Die jüngsten Tarifabschlüsse der Gewerkschaften zeigen bereits einen Trend zu höheren Gehältern. Damit werden allerdings meist nur die Inflationsfolgen etwas abgemildert. Der ehemalige Strategieexperte des Marktforschungsunternehmens Qualtrics, Roland Abel, geht daher davon aus, dass das Gehalt insbesondere angesichts der Teuerungsraten ein wichtiges Thema für die Beschäftigten ist. Daher sollten sich „Unternehmen darüber im Klaren sein, zu welchen Gehaltskompromissen sie bereit sind, um Spitzenkräfte zu halten.“ Und auch bei Neueinstellungen kommen Unternehmen künftig nicht mehr umhin, höhere Gehaltsforderungen zu akzeptieren.

Schnelles Feedback – oder die Kandidaten sind schnell weg

Wer keine Zugeständnisse bekommt, versucht es lieber bei einem anderen Arbeitgeber, anstatt Kompromisse zu machen.
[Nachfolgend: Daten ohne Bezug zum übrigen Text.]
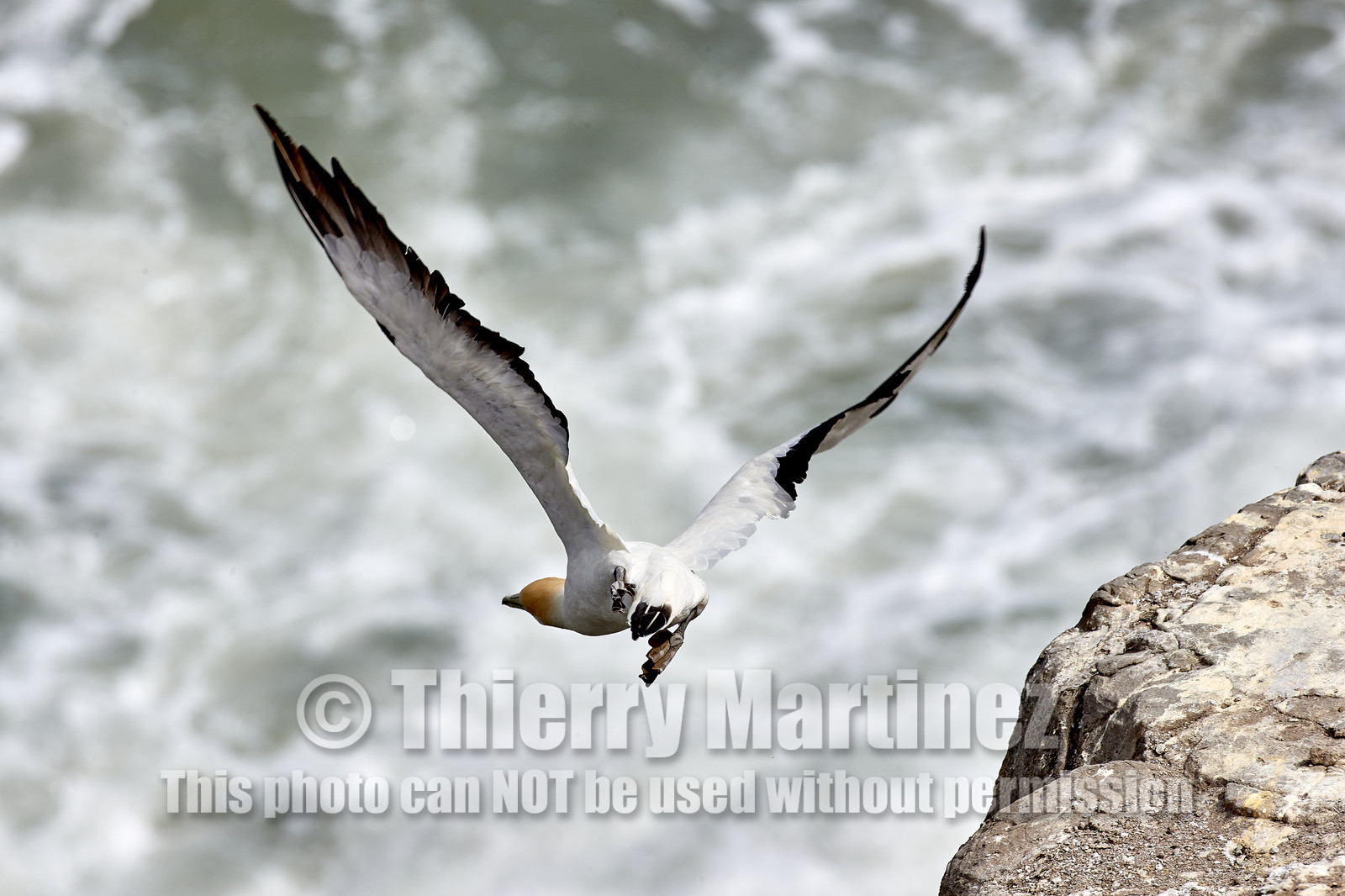 18_029695  ©ThMartinez Sea&Co.  MURIWAI BEACH - NORTH ISLAND. NEW ZEALAND . 11 March  2018. .Gannet ..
Das merken auch die Personalverantwortlichen: In einer Studie des Karrierenetzwerks Xing gaben fast alle Befragten an, dass ihnen Bewerberinnen und Bewerber während des Bewerbungsprozesses abgesprungen sind. 24 Prozent sagten sogar, dass das häufig oder sehr häufig der Fall war.

Das liegt oft auch an aufwendigen und langatmigen Bewerbungsprozessen. Aus unserer Erfahrung wollen die Kandidatinnen und Kandidaten schnell ein Feedback. In großen Unternehmen dauert der Weg durch die Instanzen jedoch meist Wochen oder sogar Monate. Kein Wunder, wenn sich Bewerber dann für andere Angebote entscheiden.

Kleine und mittelständische Unternehmen sind hier unserer Meinung aber im Vorteil: Ihre Entscheidungswege sind meist kürzer, und das sollten sie nutzen. Was die Einführung neuer Recruiting-Kanäle angeht, können kleinere Unternehmen ebenfalls schneller handeln und beispielsweise auf Bewerbungen per WhatsApp oder anderer Social-Media-Plattformen setzen. Allerdings sind aktuell erst etwas mehr als die Hälfte der Personalverantwortlichen offen dafür, wie die Xing-Umfrage zeigt. Dabei ist es unerlässlich, insbesondere die Generation Z dort abzuholen, wo sie ihren Alltag verbringt. Und das sind Instagram, Tik Tok oder Youtube. Auch eine  Personalberatung darf diesen Fakt nicht ignorieren und sollte Social Recruiting als möglichen Weg zum Ziel beherrschen.

Active Sourcing und Direct Search werden wichtiger

Zwei Drittel der HR-Experten geben in der Xing-Umfrage an, dass die gezielte Ansprache von Fachkräften künftig bedeutsamer wird. Ein Trend, den wir begrüßen, denn sowohl mit Active Sourcing als auch durch Direct Search finden Unternehmen schneller ein passendes Match. Schließlich kann man so leichter nach Kandidaten mit den gewünschten Fähigkeiten, aber auch Interessen filtern. Und je besser Unternehmen und Kandidat zusammenpassen, desto wahrscheinlicher ist es, dass es zu einer langfristigen Zusammenarbeit kommt.

Jede Direktansprache oder auch jede Stellenanzeige kann sich für Unternehmen für die Zukunft ebenfalls als nützlich erweisen. 60 Prozent der Recruiter sehen darin eine Möglichkeit, um mögliche Kandidatinnen und Kandidaten bei Bedarf anzusprechen. Daher ist der Aufbau von Talent-Pools in immer mehr HR-Abteilungen Thema.

Der Arbeitnehmermangel wird die Wirtschaft in Deutschland weiter beschäftigen. Der Start ins neue Jahr ist sicher ein guter Zeitpunkt, sich darauf einzustellen und neue Wege zu gehen, um Fachkräfte zu finden und von sich zu überzeugen.